Mali. "L'éviction du Premier ministre s'apparente à un nouveau coup d'Etat"
Pour André Bourgeot, chercheur au CNRS interrogé par francetv info, le départ de Cheick Modibo Diarra risque de renforcer les forces islamistes qui occupent le nord du pays.
MALI - La crise politique au Mali vit un nouvel épisode. Le Premier ministre, Cheick Modibo Diarra, a annoncé dans la nuit du lundi 10 au mardi 11 décembre sa démission et celle de son gouvernement. Peu avant, il avait été arrêté à Bamako sur ordre du capitaine Amadou Haya Sanogo, l'ancien chef des putschistes qui avaient renversé le président Amadou Toumani Touré le 22 mars. Pour André Bourgeot, chercheur au CNRS spécialiste du Mali, interrogé par francetv info, cela s'apparente fort à un délogement violent, qui risque de renforcer les islamistes qui occupent le nord du pays.
Francetv info : Quelles sont les divergences entre le Premier ministre et l'ancien chef des putschistes qui permettent de comprendre cette démission ?
André Bourgeot : Le Premier ministre [au pouvoir depuis avril] commençait à prendre du poids et à faire de l'ombre à Sanogo. Il prenait de plus en plus des prérogatives de chef d'Etat. Et sa participation aux négociations à Ouagadougou (Burkina Faso) avec les rebelles touareg du Mouvement national de libération de l'Azawad (MNLA) et les islamistes d'Ansar Dine, qui occupent le nord du pays, lui a donné une audience internationale.

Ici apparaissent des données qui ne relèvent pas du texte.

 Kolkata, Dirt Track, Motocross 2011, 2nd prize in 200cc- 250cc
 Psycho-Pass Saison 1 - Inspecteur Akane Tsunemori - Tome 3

Cela n'était pas du goût de Sanogo.
Les deux hommes sont aussi en désaccord sur la stratégie de reconquête du nord du Mali. Sanogo veut que la reprise en main passe par l'armée malienne, alors que Diarra était favorable à l'aide de puissances étrangères via la Communauté économique des Etats de l'Afrique de l'Ouest (Cédéao).
Après la démission de Diarra, quelles sont les forces en présence à la tête du Mali ?
Il y avait jusque-là trois forces à la tête du pouvoir institutionel au Mali : le président par intérim Dioncounda Traoré, Amadou Haya Sanogo et Cheick Modibo Diarra. Auxquelles il faut ajouter une sorte de quatrième pouvoir qui est le Haut Conseil islamique. Cela créait clairement un problème de leadership, avec des interlocuteurs différents pour les négociations.
Avec la démission de Diarra, Sanogo, qui occupait moins la scène ces derniers temps, reprend le dessus. On ne connaît pas encore la teneur des discussions au moment de l'arrestation du Premier ministre, mais cela s'apparente fort à une intervention assez brutale, à un nouveau coup d'Etat. Mais il faut attendre la nomination du nouveau Premier ministre, qui nous en dira plus sur les nouveaux rapports de force.
Ces événements risquent-ils de bloquer l'intervention étrangère dans le Nord réclamée par une partie de la population ?
Sanogo préfère une intervention de l'armée malienne mais elle est si affaiblie qu'on imagine mal comment elle pourrait reconquérir le Nord. A moins que l'armement commandé par le Mali, bloqué au moment du coup d'Etat à la suite des sanctions de la Cédéao, soit finalement arrivé dans le pays maintenant que l'embargo a été levé. Cela pourrait renforcer Sanogo qui rebondirait politiquement.
L'Union européenne, favorable à une intervention internationale après un feu vert de l'ONU, est dans une position délicate. Soit elle accepte la démission du Premier ministre sans poser de questions sur son arrestation, et cela veut dire qu'elle cautionne. Soit elle considère qu'il y a un coup d'Etat et condamne Sanogo. Dans ce cas, elle fera face à un vide constitutionnel et n'aura plus d'interlocuteur. Tout cela conforte en tout cas les forces qui contrôlent le Nord. L'absence de centralité du pouvoir politique fait le jeu des jihadistes.